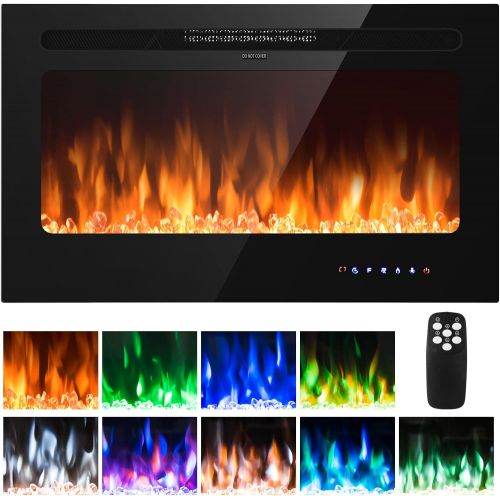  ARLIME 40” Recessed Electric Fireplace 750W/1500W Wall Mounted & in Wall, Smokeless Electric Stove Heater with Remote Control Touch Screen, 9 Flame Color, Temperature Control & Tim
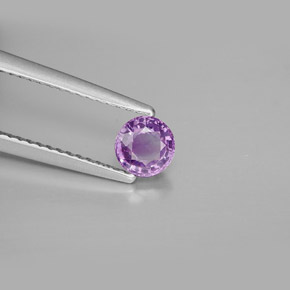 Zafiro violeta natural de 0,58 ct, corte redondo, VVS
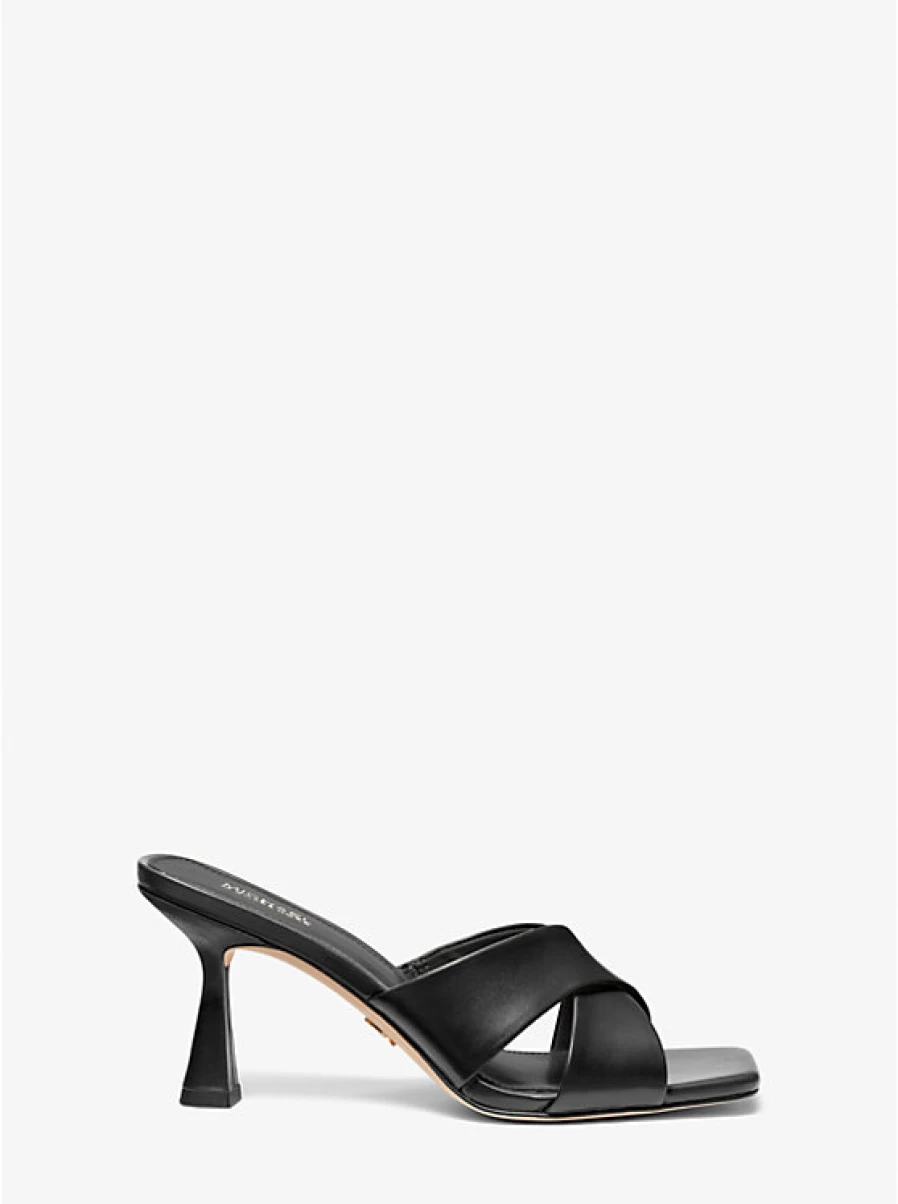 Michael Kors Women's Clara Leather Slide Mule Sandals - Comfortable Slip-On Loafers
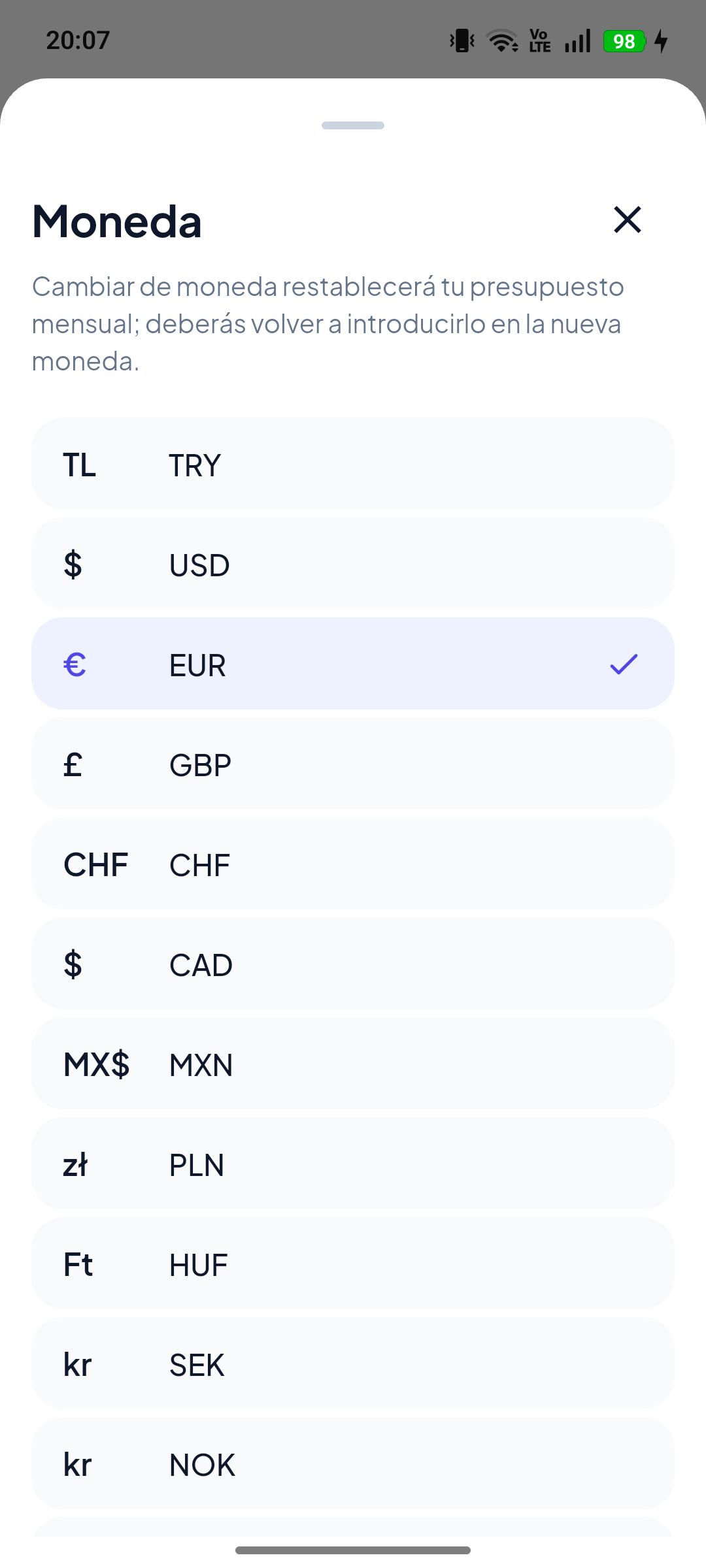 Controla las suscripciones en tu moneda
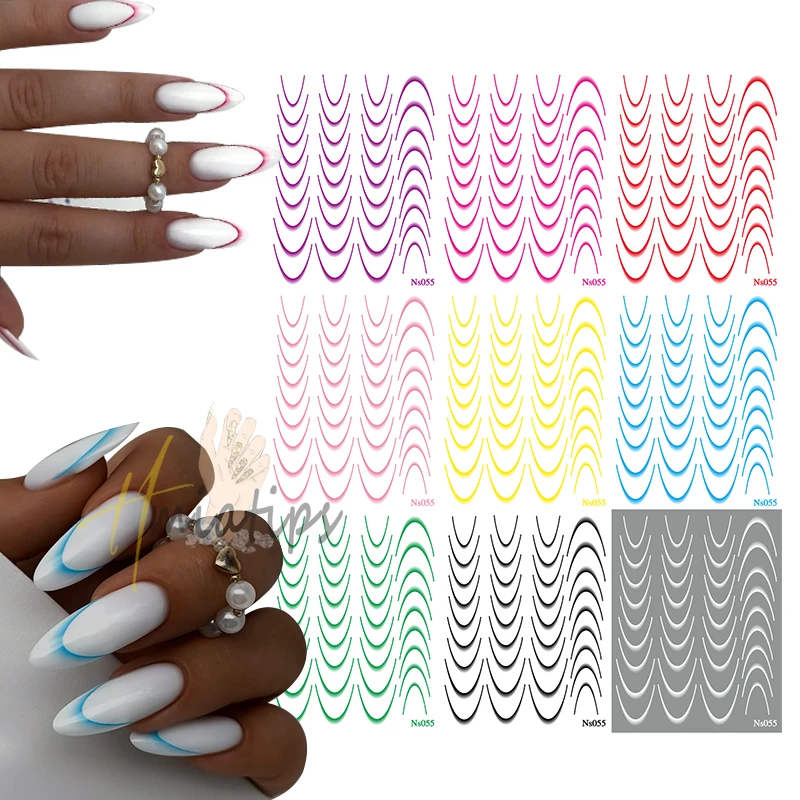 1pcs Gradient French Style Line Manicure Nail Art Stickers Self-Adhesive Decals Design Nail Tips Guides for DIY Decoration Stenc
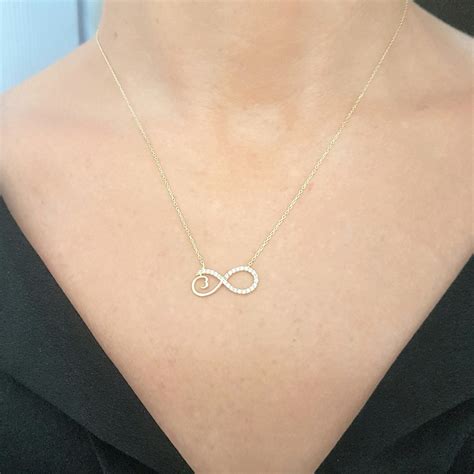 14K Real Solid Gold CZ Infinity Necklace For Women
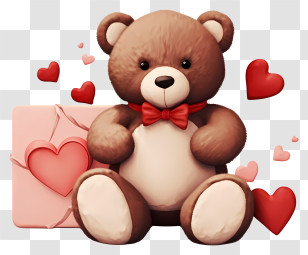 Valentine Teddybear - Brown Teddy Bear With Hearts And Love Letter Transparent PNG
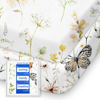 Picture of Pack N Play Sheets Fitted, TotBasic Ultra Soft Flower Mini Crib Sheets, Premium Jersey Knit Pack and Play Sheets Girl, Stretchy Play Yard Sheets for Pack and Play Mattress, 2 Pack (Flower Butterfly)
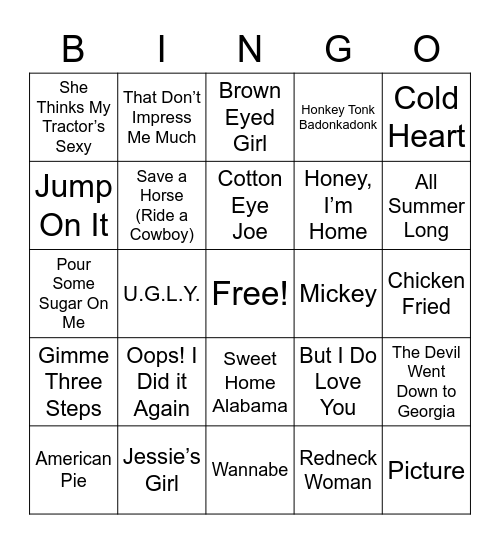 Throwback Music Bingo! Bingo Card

--

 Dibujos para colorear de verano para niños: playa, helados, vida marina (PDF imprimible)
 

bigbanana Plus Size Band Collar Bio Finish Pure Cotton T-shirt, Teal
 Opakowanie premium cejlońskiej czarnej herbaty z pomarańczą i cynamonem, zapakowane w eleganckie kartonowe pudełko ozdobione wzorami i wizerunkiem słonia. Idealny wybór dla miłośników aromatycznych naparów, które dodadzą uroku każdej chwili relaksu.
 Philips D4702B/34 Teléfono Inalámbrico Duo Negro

== Instructions for the task ==
Reproduce, word for word, everything in the listing above from the line containing "Control & Tim" down to the line containing "Zafiro violeta natural", both of them included. No pictures.

== Solution to this problem ==
  ARLIME 40” Recessed Electric Fireplace 750W/1500W Wall Mounted & in Wall, Smokeless Electric Stove Heater with Remote Control Touch Screen, 9 Flame Color, Temperature Control & Tim
 Zafiro violeta natural de 0,58 ct, corte redondo, VVS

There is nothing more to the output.